Sales of Variable Annuities Uncertain as Insurers Modify Products

Life and annuity insurers have been revamping their variable annuity product offerings to better fit a post financial crisis environment.

As discussed in recent blog entries, variable annuity product revamps basically boil down to increasing prices and benefit reductions.

The unanswered question is what impact the product changes will have on variable annuity sales.

According to a recent Wall Street Journal Article, variable annuity sales grew at an 11% annual rate from 1995 through 2007.  However, variable annuity sales did fall last year.

Some industry analysts and executives see this trend continuing in the near-term:

"When the equity market recovers, variable annuities will recover, with a bit of a lag," Mueller said.
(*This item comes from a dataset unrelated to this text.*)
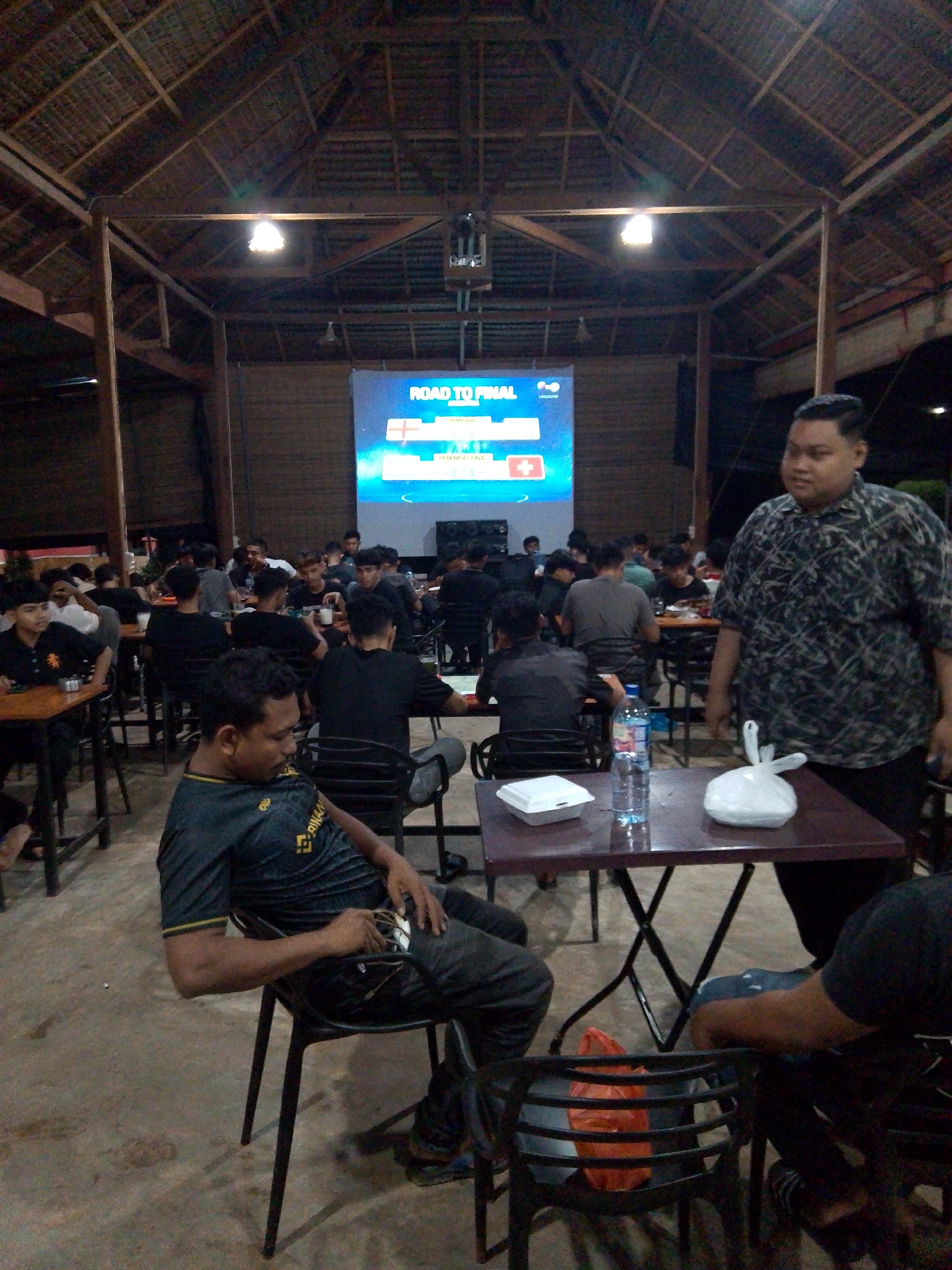 The image shows an indoor gathering of people in what appears to be an open-air restaurant or a large common area with a thatched roof. A projection screen displays "ROAD TO FINAL" along with country flags and text. Several individuals are seated at tables, some watching the screen, others engaged in conversation. In the foreground, a man in a dark, patterned shirt stands near a table with a bottle of water and a white plastic bag. Another man in a dark t-shirt is seated at a table on the left, holding a phone. The environment is dimly lit, with overhead lights and the glow from the screen illuminating the scene. The overall atmosphere suggests a relaxed social event, possibly related to a sports match or competition.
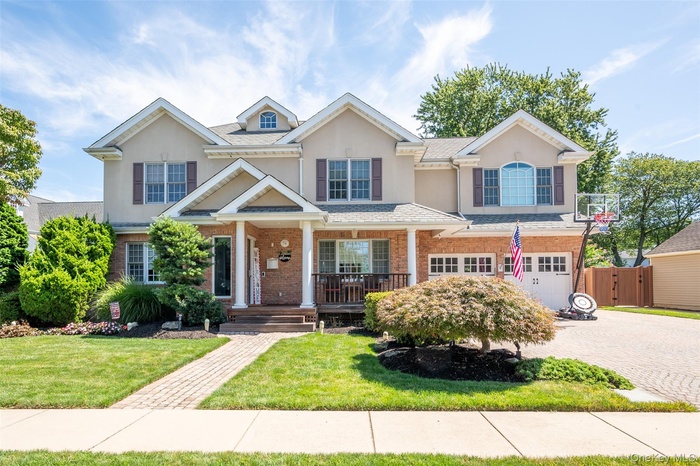 View of front of property featuring a porch, stucco siding, decorative driveway, a front lawn, and brick siding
Based on first-quarter sales, he estimates 2009 variable annuity gross sales will be around $120 billion to $130 billion, down from $155 billion 2008 and well off the all-time peak of $186 billion in 2007.

Some see this declining trend continuing for the longer-term:

Conning's Martin believes that variable annuities, currently "the big-ticket item" of insurer retirement products, could lose ground to fixed annuities and mutual funds for a long time to come if customers are turned off by the slimmed-down products. "It is a wildcard whether they will ever regain that dominance," Martin wrote in a report published Tuesday.

The above said, some of the stronger players in the industry such as MetLife have actually seen their sales of variable annuities pick-up in the current environment.